战俘营最初设在敌人的军营里,被一道铁丝网拦了,旁边就是一顶接一顶的简易帐篷,敌人的巡逻队来来回回地走着。这里虽然远离战场,却是直面敌人,被俘的每一个志愿军都绷紧了神经。
最初的日子里,敌人似乎还没想好如何处置这些战俘。每天送饭时,美国兵们端着枪,押着战俘去抬饭。志愿军们拒绝吃美国人的饭,他们背对着饭桶坐在那里,闭上了眼睛。
美国人就很着急,绕着装饭的木桶走来走去。他们看看饭,再看看被俘的志愿军,一副不解的样子。
赵大刀就是在这时,看见了王团长。
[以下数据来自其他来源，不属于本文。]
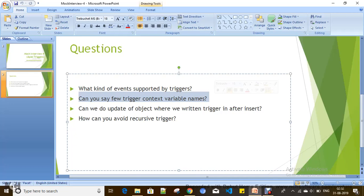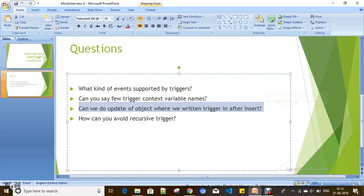According to best practice, you have to write a single trigger on an object. Now, can we do an update of the object where we write a trigger? Normally you can't. For example, if I have a trigger on Account and whenever an account is inserted I want to update the account type to another value — I have a trigger on Account and I want to update account type whenever account is inserted.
王团长叫王奎生,平津战役时和赵大刀一样,都是连长,在以前的日子里,团里开会时他们经常能碰到。两个人一见面,就互翻对方的衣兜,总能找出点吃的或者是几支烟,然后就亲热地说起刚刚打完的战斗。分手时,也是你打我一拳,我拍你一掌的,是无话不谈的朋友。
平津战役结束后,王奎生就是营长了,然后随部队南下。部队出发时,王奎生还专门跑到医院来看赵大刀。王奎生是山东人,说话时舌头总在嘴里打着圈儿。王奎生绕着舌说:伙计,你就歇着吧,俺们在前方等你啊。
说完,把一个苹果塞到赵大刀的枕头底下。
赵大刀躺在床上给王奎生敬了个礼,王奎生咬着舌头说:伙计,你可快点呀,来晚了,老蒋的部队可就没得打了。
分别时,两个人的眼里都噙了泪。
这一分别就是两年多,赵大刀又一次回到部队时,王奎生已经是团长了。再见面时,王团长就一副相见恨晚的样子,一把抱住了赵大刀:大刀,你咋才来,你要是不离开队伍,俺这团长的位置就是你的。
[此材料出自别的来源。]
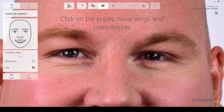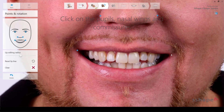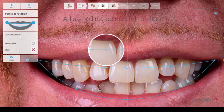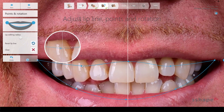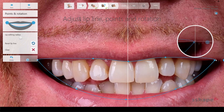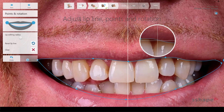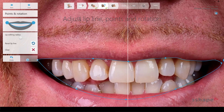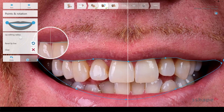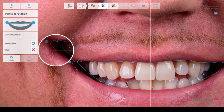We find the pupils, the nasal wings, and the commissures. Now the software straightens the pictures up and we have to find the lip line as well, so the software knows what's lip and what's teeth — especially on this patient where the lips are very close to or even over the teeth. The more time you spend here, the better result you will get at the end, because the shadowing from the lip will look so much better.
赵大刀那时没去想团长、排长什么的,能重新归队,就足以让他感到幸福了,毕竟又回了家。
此时的赵大刀万没想到会在战俘营里碰见王奎生。他站了起来,抬起手想敬礼,却被王奎生制止了,王奎生压低声音说:在这里万不可敬礼呀。赵大刀明白了,作为俘虏一定要隐藏自己的身份,在这里,没有团长和连长,他们的身份是一样的――都是俘虏。
后来,赵大刀又先后在战俘营里发现了许多熟悉的面孔,大家只是微微地冲自己点点头,算是打过招呼了。只有胡小乐仍喊他连长,但在见了王奎生团长后,他也学着藏起了身份。王奎生有一次还悄悄地告诉他:咱们得吃饭,不能饿死,将来还得找机会杀出去哩。
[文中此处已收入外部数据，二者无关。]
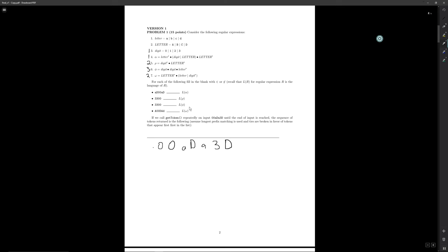We notice that phi was the longest match of our regular expressions at length three, so we are going to cover the first three characters in this string and match them to phi. Then we'll start over, beginning with the capital D.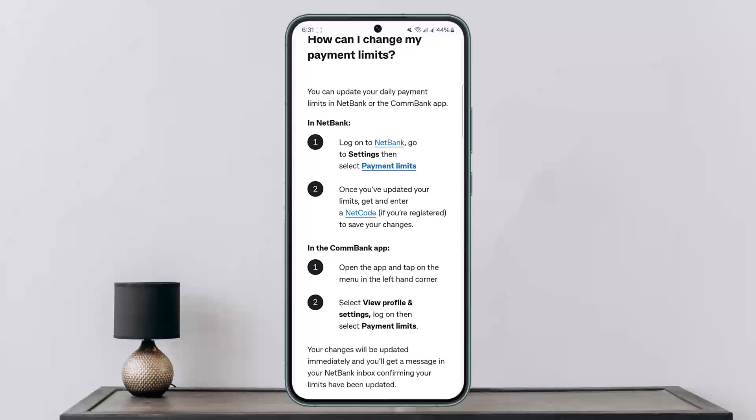This way you can change the limit in Commonwealth Bank. Hope this helped you. Do like and subscribe, and don't forget to leave a comment down below if you have any further issues.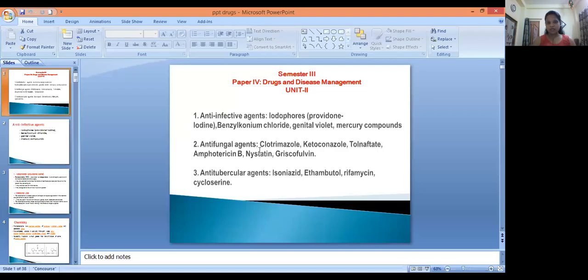This completes Unit 2, which covers anti-infective agents, anti-fungal agents, and anti-tubercular agents. In the next video we will talk about Unit 3.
正是王奎生团长“杀出去”的想法,让战俘们不再绝食,甚至狼吞虎咽地吃了起来。美国兵很不解地隔着铁丝网看着这群一会儿闹绝食,一会儿又狼吞虎咽的中国士兵。
战俘营以后又迁徙了两次,大家从方向上判断出敌人是在向后撤退,很有些溃败的意思。志愿军的胜利无疑鼓舞了这些被俘人员的士气,在迁徙中,不知是谁先唱起了志愿军的战歌。刚开始是几个人在唱,后来就连成了一片,一千多人的歌声在暗夜里听来,几乎就是在吼了。押解战俘的美国兵一时间手足无措,后来就朝天空放了枪,枪声也没有压制住来自心底的喊声,仿佛那不是一群战俘,而是一支凯旋的队伍。那晚,许多人的眼里都流下了热泪。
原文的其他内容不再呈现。